I don't know if this thread is right for the forum..
but I have a maths assignment where it's asking to state the turning point of certain equations but i don't know how to find it.
e.g
y=x^2
how to i find the turning point of that parabola?
Since the question is posted in the Pre-calculus subforum I have to assume that a non-calculus approach is required.
@OP: You're probably expected to know the turning point form of a parabola and how to get it. Certainly you should know that $\displaystyle y = a(x - h)^2 + k$ has a turning point at (h, k).
There are three approaches to finding the turning point of a parabola.
Method 1) Due to the symmetry of the parabola, the turning point lies halfway between the x-intercepts.
If there is only one x-intercept, then the x-intercept IS the turning point.
So in your case, for $\displaystyle y = x^2$, the x-intercept is found by letting $\displaystyle y = 0$.
So $\displaystyle 0 = x^2 \implies x = 0$.
Since there is only one x-intercept, that is the x-coordinate of the turning point.
To find the y-coordinate, substitute it into your equation.
$\displaystyle y = 0^2 \implies y = 0$.
So the turning point is $\displaystyle (x, y) = (0, 0)$.
For another example, look at the parabola given by the equation $\displaystyle y = x^2 + 3x + 2$.
To find the x-intercept, let $\displaystyle y = 0$.
So $\displaystyle 0 = x^2 + 3x + 2$
$\displaystyle 0 = (x + 1)(x + 2)$
$\displaystyle x + 1 = 0$ or $\displaystyle x + 2 = 0$
$\displaystyle x = -1$ or $\displaystyle x = -2$.
To find the x-coordinate of the turning point, average the x-intercepts.
So $\displaystyle x_{tp} = \frac{(-1) + (-2)}{2} = -\frac{3}{2}$.
To find the y-coordinate, substitute this value into the equation.
$\displaystyle y_{tp} = \left(-\frac{3}{2}\right)^2 + 3\left(-\frac{3}{2}\right) + 2$
$\displaystyle = \frac{9}{4} - \frac{9}{2} + 2$
$\displaystyle = -\frac{1}{4}$.
So the turning point is $\displaystyle (x, y) = \left(-\frac{3}{2}, -\frac{1}{4}\right)$.
Method 2)
Method 1 is ok to use if x-intercepts exist. However, it is inappropriate to use this technique if x-intercepts do not exist.

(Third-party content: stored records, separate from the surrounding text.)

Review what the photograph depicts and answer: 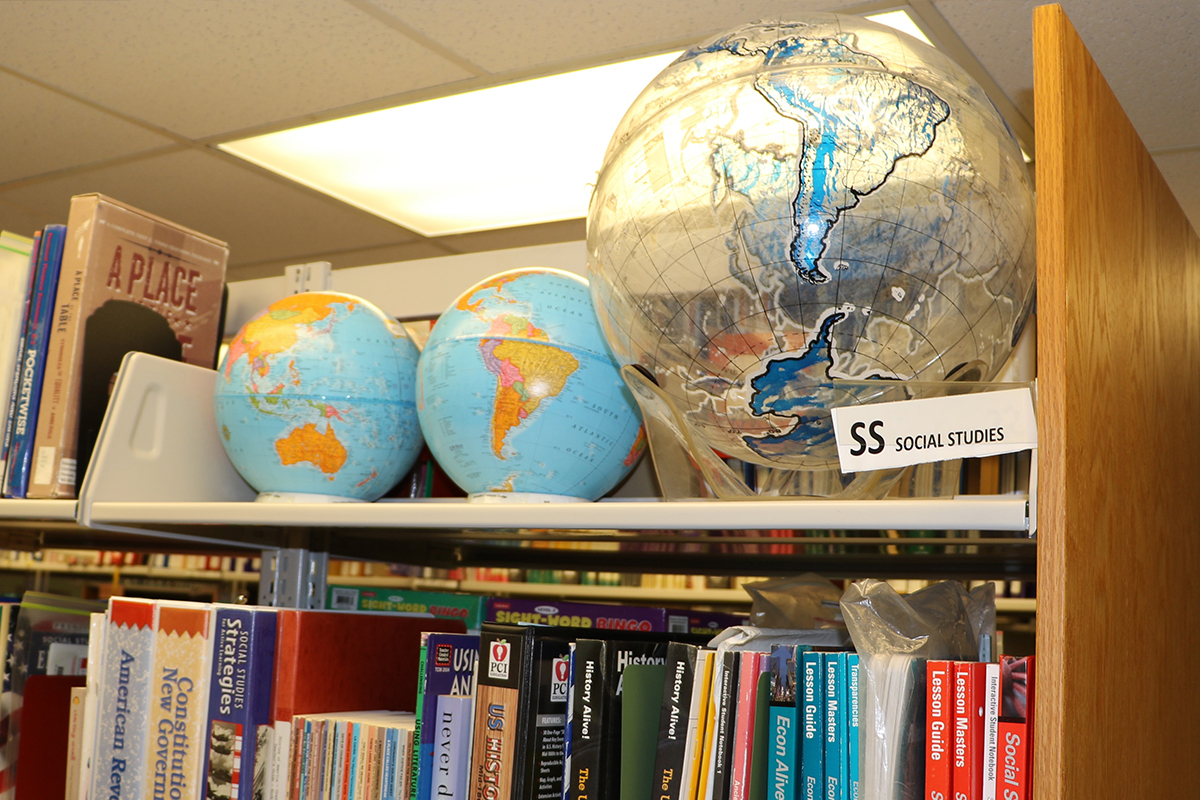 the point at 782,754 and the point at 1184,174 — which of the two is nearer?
the point at 782,754

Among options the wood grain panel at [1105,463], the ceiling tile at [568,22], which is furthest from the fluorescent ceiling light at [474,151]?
the wood grain panel at [1105,463]

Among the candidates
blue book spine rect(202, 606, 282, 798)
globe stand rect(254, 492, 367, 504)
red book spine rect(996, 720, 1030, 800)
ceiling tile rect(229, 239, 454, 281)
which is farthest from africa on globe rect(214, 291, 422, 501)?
ceiling tile rect(229, 239, 454, 281)

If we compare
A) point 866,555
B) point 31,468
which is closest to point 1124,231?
point 866,555

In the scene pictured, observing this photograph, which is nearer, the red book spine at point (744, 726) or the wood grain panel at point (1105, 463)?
the wood grain panel at point (1105, 463)

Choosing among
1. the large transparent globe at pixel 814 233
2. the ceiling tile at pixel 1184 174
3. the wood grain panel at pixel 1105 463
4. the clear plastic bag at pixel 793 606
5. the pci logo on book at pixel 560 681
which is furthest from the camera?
the ceiling tile at pixel 1184 174

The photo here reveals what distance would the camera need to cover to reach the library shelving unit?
657 mm

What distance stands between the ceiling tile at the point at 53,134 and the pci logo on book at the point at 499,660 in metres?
2.62

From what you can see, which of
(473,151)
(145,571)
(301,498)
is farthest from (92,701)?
(145,571)

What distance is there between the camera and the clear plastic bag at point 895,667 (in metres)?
0.74

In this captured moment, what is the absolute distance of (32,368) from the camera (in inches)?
51.8

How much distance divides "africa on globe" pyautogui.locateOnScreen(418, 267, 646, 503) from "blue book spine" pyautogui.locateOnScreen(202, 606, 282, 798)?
0.27 m

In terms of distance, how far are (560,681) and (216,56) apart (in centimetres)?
222

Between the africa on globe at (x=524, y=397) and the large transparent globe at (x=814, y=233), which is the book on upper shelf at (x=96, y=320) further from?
the large transparent globe at (x=814, y=233)

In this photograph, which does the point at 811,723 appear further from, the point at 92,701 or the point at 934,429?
the point at 92,701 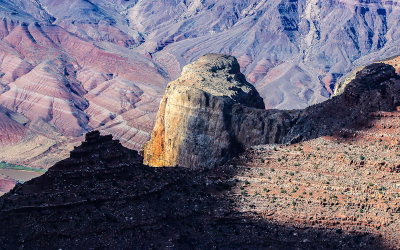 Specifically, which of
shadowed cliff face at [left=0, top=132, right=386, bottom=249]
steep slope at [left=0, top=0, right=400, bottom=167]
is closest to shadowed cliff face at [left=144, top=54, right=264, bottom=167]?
shadowed cliff face at [left=0, top=132, right=386, bottom=249]

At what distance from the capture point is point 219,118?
53875 millimetres

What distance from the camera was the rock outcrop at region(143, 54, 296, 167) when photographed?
52875 mm

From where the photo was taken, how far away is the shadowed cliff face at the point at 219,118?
44719 mm

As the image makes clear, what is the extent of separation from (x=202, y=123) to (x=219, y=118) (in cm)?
175

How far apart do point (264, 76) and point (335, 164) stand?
145 meters

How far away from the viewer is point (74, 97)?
14538 centimetres

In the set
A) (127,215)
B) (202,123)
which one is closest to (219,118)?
(202,123)

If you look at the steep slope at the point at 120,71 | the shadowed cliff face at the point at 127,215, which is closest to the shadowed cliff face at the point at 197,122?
the shadowed cliff face at the point at 127,215

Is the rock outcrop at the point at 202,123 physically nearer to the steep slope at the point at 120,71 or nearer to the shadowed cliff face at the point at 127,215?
the shadowed cliff face at the point at 127,215

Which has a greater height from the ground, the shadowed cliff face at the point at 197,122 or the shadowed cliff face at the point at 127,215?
the shadowed cliff face at the point at 197,122

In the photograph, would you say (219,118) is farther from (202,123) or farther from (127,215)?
(127,215)

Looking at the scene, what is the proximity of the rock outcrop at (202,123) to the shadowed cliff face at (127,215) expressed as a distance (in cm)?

Therefore, most people prefer to use the "Turning Point Form" of the parabola.
For any parabola written in the form
$\displaystyle y = a(x - h)^2 + k$
its turning point is at $\displaystyle (x, y) = (h, k)$.

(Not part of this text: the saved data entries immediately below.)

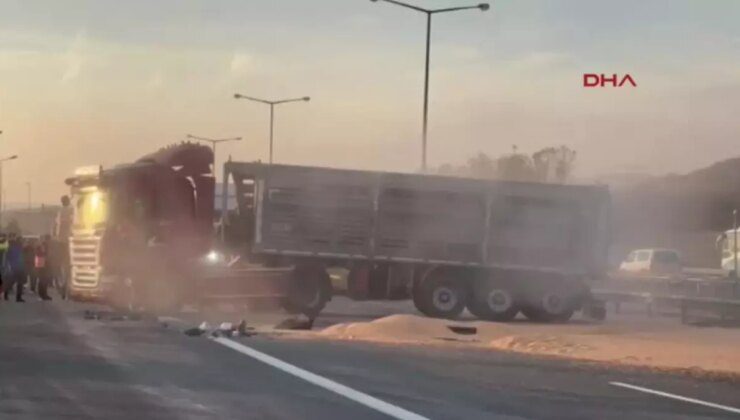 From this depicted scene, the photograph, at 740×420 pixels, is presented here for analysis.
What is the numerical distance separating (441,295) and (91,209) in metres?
7.84

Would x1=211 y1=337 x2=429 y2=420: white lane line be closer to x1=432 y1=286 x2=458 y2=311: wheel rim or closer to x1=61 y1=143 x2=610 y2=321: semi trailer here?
x1=61 y1=143 x2=610 y2=321: semi trailer

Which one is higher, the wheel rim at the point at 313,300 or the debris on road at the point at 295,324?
the wheel rim at the point at 313,300

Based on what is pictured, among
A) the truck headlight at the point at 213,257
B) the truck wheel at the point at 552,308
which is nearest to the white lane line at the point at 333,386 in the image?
the truck headlight at the point at 213,257

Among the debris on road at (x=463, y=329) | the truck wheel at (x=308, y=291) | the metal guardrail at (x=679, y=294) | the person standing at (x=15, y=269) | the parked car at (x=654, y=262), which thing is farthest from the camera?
the parked car at (x=654, y=262)

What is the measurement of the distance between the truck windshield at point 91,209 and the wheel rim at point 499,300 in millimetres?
8398

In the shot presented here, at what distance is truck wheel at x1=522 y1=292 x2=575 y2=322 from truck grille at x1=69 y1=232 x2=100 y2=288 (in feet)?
30.1

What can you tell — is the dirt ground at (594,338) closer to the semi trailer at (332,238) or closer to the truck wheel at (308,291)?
the semi trailer at (332,238)

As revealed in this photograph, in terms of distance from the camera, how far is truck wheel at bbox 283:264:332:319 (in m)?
28.0

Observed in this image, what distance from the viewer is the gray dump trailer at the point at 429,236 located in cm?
2800

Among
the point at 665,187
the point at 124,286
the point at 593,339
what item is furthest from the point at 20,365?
the point at 665,187

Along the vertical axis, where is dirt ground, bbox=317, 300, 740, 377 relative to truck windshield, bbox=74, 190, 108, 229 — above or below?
below

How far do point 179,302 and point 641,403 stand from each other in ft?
53.3

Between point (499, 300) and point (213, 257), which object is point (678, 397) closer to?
point (499, 300)

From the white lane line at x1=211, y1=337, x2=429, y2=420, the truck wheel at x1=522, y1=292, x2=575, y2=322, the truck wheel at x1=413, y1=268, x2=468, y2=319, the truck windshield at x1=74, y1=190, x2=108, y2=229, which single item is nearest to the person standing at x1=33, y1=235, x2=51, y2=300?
the truck windshield at x1=74, y1=190, x2=108, y2=229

This form of the parabola is found by completing the square.
With your example, $\displaystyle y = x^2$, we can rewrite it as
$\displaystyle y = (x - 0)^2 + 0$.
So its turning point is $\displaystyle (x, y) = (0, 0)$.
With the other example, $\displaystyle y = x^2 + 3x + 2$, we complete the square to put it into turning point form.

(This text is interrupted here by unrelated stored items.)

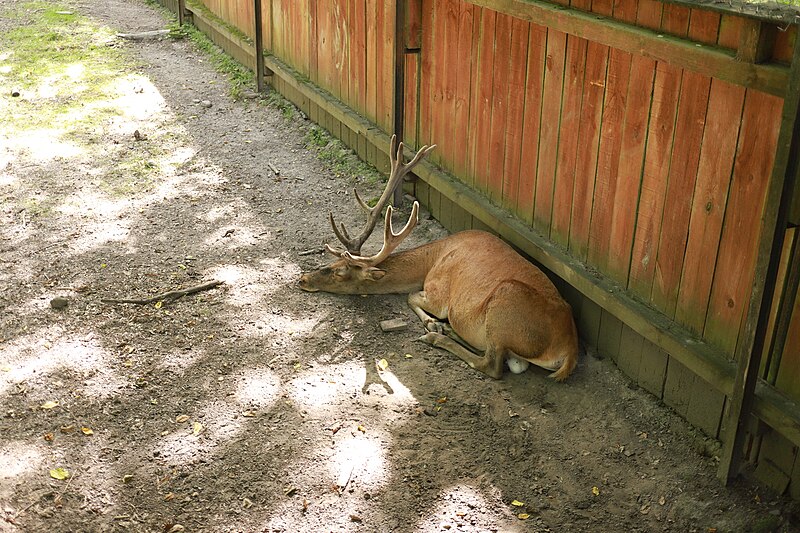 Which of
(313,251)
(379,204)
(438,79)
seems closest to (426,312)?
(379,204)

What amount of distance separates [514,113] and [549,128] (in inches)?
17.1

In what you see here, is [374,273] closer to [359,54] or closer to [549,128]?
[549,128]

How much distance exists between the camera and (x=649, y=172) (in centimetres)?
480

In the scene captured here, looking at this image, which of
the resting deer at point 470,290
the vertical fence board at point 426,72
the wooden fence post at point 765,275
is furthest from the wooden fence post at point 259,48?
the wooden fence post at point 765,275

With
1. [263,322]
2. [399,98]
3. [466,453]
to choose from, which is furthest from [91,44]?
[466,453]

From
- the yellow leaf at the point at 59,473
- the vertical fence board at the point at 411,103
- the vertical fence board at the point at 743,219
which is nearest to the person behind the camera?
the vertical fence board at the point at 743,219

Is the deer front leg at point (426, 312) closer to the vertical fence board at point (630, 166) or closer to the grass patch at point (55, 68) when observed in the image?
the vertical fence board at point (630, 166)

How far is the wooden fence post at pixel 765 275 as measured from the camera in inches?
147

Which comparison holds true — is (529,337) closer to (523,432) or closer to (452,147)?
(523,432)

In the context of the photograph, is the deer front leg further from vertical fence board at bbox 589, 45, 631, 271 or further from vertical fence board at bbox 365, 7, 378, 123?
vertical fence board at bbox 365, 7, 378, 123

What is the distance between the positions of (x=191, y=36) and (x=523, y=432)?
1063cm

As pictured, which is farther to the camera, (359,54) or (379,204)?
(359,54)

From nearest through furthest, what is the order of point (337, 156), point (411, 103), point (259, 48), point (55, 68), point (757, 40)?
1. point (757, 40)
2. point (411, 103)
3. point (337, 156)
4. point (259, 48)
5. point (55, 68)

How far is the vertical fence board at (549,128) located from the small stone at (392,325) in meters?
1.11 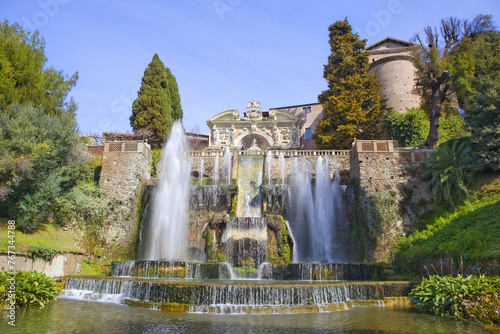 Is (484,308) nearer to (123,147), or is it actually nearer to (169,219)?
(169,219)

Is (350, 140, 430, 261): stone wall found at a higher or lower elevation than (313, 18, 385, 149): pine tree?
lower

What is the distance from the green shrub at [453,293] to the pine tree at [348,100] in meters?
17.6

$\displaystyle y = x^2 + 3x + \left(\frac{3}{2}\right)^2 - \left(\frac{3}{2}\right)^2 + 2$
$\displaystyle = \left(x + \frac{3}{2}\right)^2 - \frac{9}{4} + 2$
$\displaystyle = \left[x - \left(-\frac{3}{2}\right)\right]^2 - \frac{1}{4}$.
So the turning point is $\displaystyle (x, y) = \left( -\frac{3}{2}, \, -\frac{1}{4}\right)$.
Method 3) is to use Differential Calculus, but since this is in the Pre-Calculus forum, I doubt you'd be using this method.